In a recent article in the L.A. Times it was reported that the U.S. has decreased oil imports and has increased oil production. This article inspired me to search for data on oil production and consumption by country.
Before we can create a map with this type of data we need a file that we can use to join data to. If you have seen previous posts you will see that we have used a basemap from Geocommons . I will be using this baseman again for this post. Download the file and then save it as World.shp. Next, import it into Cartographica by choosing File > Import Vector Data. When the file is imported there will be a yellow triangle next to the layer in the Layer Stack. Click on the triangle and then click Set CRS. Choose the World-Wide Projections option and then find the WGS 84 / Pseudo-Mercator coordinate reference system and then click on the Set button. This process will assign a coordinate reference system to the World layer.
Next, we need to collect data to map. I searched for data on oil imports and exports and found the U.S. Energy Information Administration website. The link above will take you to a downloadable dataset for annual oil production by country. Download the Excel file at the top of the dataset. Once the file is downloaded open it in a spreadsheet application.

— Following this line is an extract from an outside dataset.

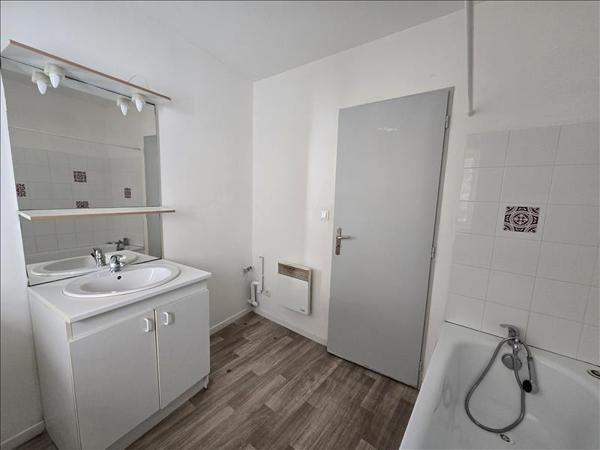 Appartement à vendre |  Jonzac |  1 pièce | 31 m²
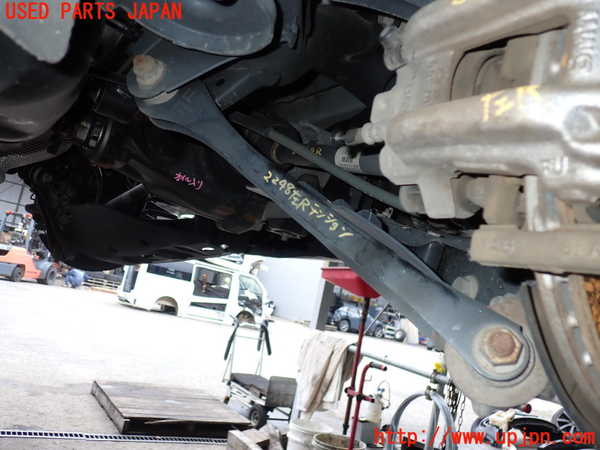 2UPJ-22485330]BMW 118i(1R15)(F20)左リアテンションロッド 中古_m0001.jpg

To clean the data, delete the first two rows. Add a title to column A by typing in Country. Find a delete the row for the Former U.S.S.R., the Hawaiian Trade Zone, East and West Germany, Former Czechoslovakia, Former Serbia and Montenegro, and Former Yugoslavia (Essentially, any country with a data entry of "--" needs to be deleted). Once complete save the file as a .csv.
Next, we need to import and join the oil production dataset to the World basemap. To do this choose File > Import Table Data. Select the join tab in the top right. Change the Target Layer to World and then in the table to the left change the Map To option for the Country row to Name and then click Import. I provide an image of the Import File Window below.

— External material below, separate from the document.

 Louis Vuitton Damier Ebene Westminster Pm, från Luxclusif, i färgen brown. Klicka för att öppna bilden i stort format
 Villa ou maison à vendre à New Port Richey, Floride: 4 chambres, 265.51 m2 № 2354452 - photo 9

Now we are ready to create the map of oil production by country. The dataset that we downloaded is nice because it has oil production over a number of years so we can create a change map indicating where the most oil production has increased, decreased, or stayed about the same. However, lets start by mapping oil production in 2006.
To create a choropleth map of the 2006 oil production double click on the World layer in the layer stack. Change the Based on option to 2006 and then click on the plus button ten times to add ten categories. Next, click on the gear box and choose Distribute with Natural Breaks (Jenks). Next Add a color palette by choosing Window > Show Color Palettes. Choose your desired color palette by clicking and dragging it to the table within the Layer Styles Window. I provide an image below of the 2006 oil production by country.

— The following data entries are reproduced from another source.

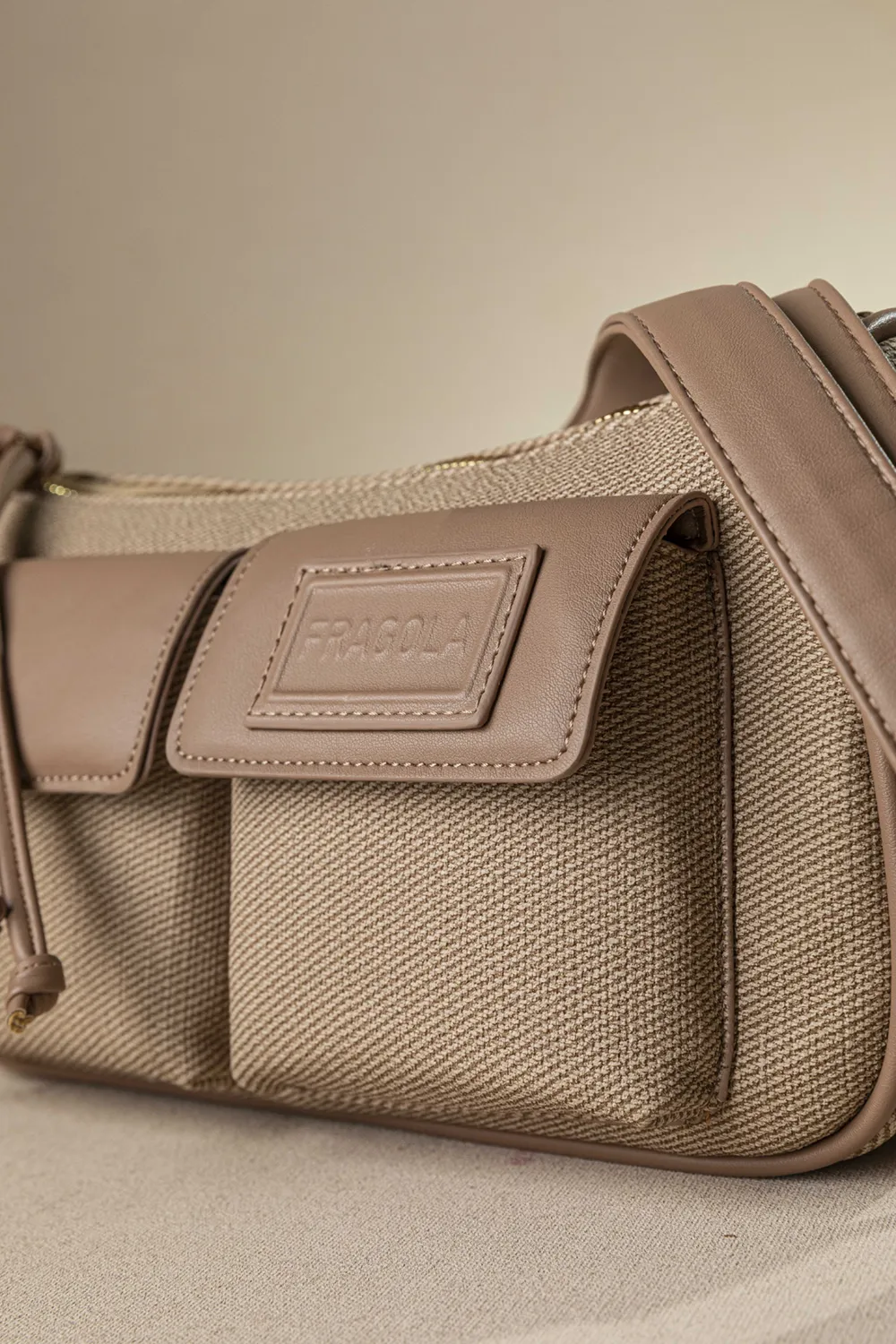 Τσαντάκι ώμου και χιαστί με εξωτερικές τσέπες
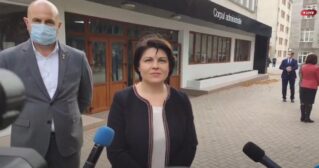 Премьер Наталья Гаврилица в Бельцах отвечает на вопросы СМИ
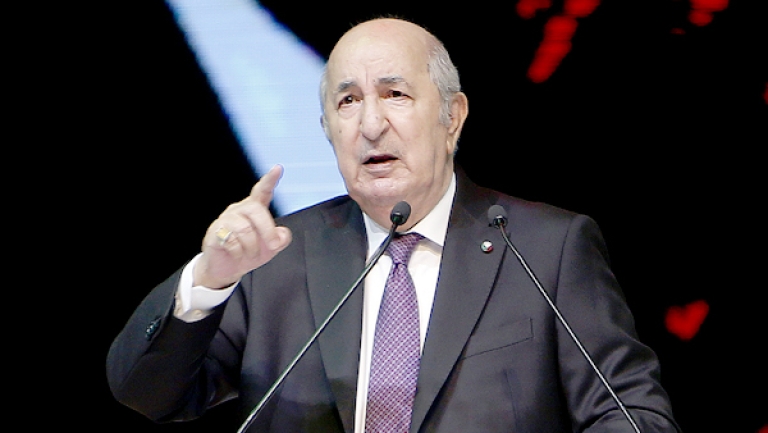 تبون يرفض التزلّف والتمجيد رئيسا ومترشّحا
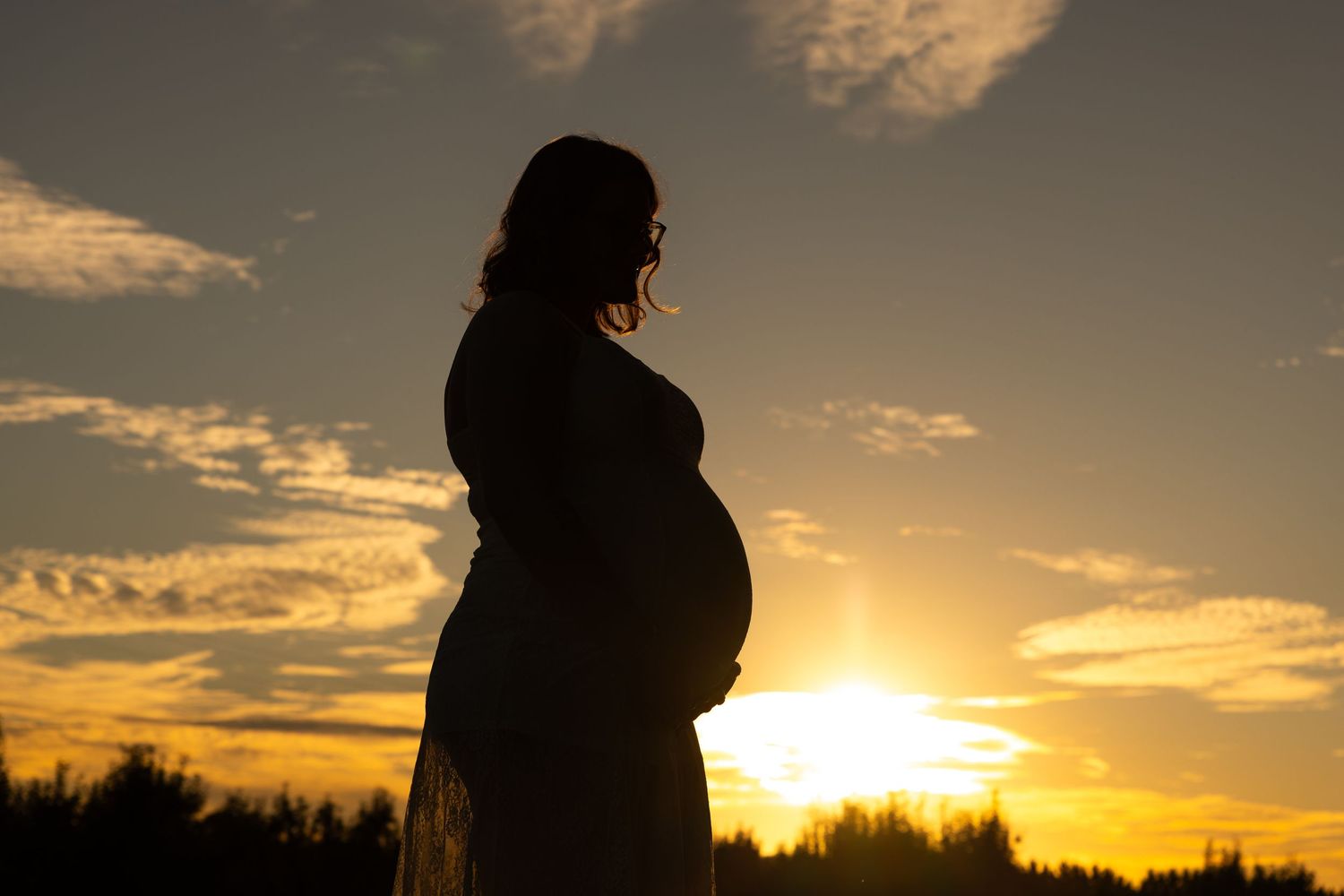 Sunset silhouette photography by Nikolina.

Next, use the same process as above except this time create a map for oil production in 2010. I provide the image of 2010 oil production below.
Finally, lets create a change in oil production map by create a new column (variable) that measure the change in oil production between 2010 and 2006. First, choose Layer > Add Column to create a new column. Next, choose Window > Show Layer Info. Find the New column and rename it "Change". Also, change the layer type from String to Number. Next, click the Set Formula button and then set up the formula to match the image below.
Finally, use the same process as above to create the change map. I provide an image below. Notice that the U.S. has been increasing its oil production since 2006, which corresponds with what the L.A. Times article reported.